Stability phenomena in the topology of moduli spaces

Abstract

The recent proof by Madsen and Weiss of Mumford's conjecture on the stable cohomology of moduli spaces of Riemann surfaces, was a dramatic example of an important theorem about the topology of moduli spaces. In this article we give a survey of families of classifying spaces and moduli spaces where stability occur in their topologies. Such theorems have been proved in many situations in the history of topology and geometry, and the payoff has often been quite remarkable. In this paper we discuss classical theorems such as the Freudenthal suspension theorem, Bott periodicity, and Whitney's embedding theorems. We then discuss more modern examples such as those involving configuration spaces of points in manifolds, holomorphic curves in complex manifolds, gauge theoretic moduli spaces, the stable topology of general linear groups, and pseudoisotopies of manifolds.

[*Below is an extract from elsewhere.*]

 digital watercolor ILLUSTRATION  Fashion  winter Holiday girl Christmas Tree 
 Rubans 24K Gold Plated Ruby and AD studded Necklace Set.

We then discuss the theorems regarding the moduli spaces of Riemann surfaces: Harer's theorem on the cohomology of moduli space, and the Madsen-Weiss theorem, which proves a generalization of Mumford's conjecture. We also describe Galatius's recent theorem on the stable cohomology of automorphisms of free groups. We end by speculating on the existence of general conditions in which one might expect these phenomena to occur.